------ Information ------

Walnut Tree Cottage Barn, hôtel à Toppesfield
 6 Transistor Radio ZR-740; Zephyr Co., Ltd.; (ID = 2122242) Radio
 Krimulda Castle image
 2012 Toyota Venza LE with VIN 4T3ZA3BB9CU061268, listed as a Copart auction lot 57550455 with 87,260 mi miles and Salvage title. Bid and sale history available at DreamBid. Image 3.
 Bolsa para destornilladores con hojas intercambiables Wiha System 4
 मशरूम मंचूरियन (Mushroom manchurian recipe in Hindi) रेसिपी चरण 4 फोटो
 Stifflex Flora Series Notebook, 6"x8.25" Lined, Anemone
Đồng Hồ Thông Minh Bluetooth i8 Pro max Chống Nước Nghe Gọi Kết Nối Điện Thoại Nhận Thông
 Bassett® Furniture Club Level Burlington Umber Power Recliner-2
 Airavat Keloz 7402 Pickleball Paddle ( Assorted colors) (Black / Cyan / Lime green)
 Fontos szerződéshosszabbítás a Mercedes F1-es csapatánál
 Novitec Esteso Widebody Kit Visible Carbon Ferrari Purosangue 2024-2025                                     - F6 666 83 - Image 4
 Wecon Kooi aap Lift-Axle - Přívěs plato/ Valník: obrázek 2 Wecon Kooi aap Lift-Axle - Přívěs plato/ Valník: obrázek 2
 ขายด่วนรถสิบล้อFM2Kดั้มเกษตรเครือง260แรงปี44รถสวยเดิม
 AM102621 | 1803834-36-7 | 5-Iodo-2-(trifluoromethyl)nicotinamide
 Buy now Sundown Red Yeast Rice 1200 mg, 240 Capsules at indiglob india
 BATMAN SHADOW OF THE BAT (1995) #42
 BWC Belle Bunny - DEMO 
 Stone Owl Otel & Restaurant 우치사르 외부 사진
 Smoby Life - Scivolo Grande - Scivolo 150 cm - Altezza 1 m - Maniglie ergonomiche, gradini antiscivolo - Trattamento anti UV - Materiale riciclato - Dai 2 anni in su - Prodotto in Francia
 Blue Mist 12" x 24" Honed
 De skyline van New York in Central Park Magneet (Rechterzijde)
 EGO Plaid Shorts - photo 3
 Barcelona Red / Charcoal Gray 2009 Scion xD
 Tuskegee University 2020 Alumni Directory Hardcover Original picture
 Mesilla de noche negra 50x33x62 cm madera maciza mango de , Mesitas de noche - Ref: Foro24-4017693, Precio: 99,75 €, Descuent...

------

Task objective
If a line falls between the first line of the records and the line containing "मशरूम मंचूरियन (Mushroom", inclusive, repeat it exactly; leave out all others.

Output for this exercise
Walnut Tree Cottage Barn, hôtel à Toppesfield
 6 Transistor Radio ZR-740; Zephyr Co., Ltd.; (ID = 2122242) Radio
 Krimulda Castle image
 2012 Toyota Venza LE with VIN 4T3ZA3BB9CU061268, listed as a Copart auction lot 57550455 with 87,260 mi miles and Salvage title. Bid and sale history available at DreamBid. Image 3.
 Bolsa para destornilladores con hojas intercambiables Wiha System 4
 मशरूम मंचूरियन (Mushroom manchurian recipe in Hindi) रेसिपी चरण 4 फोटो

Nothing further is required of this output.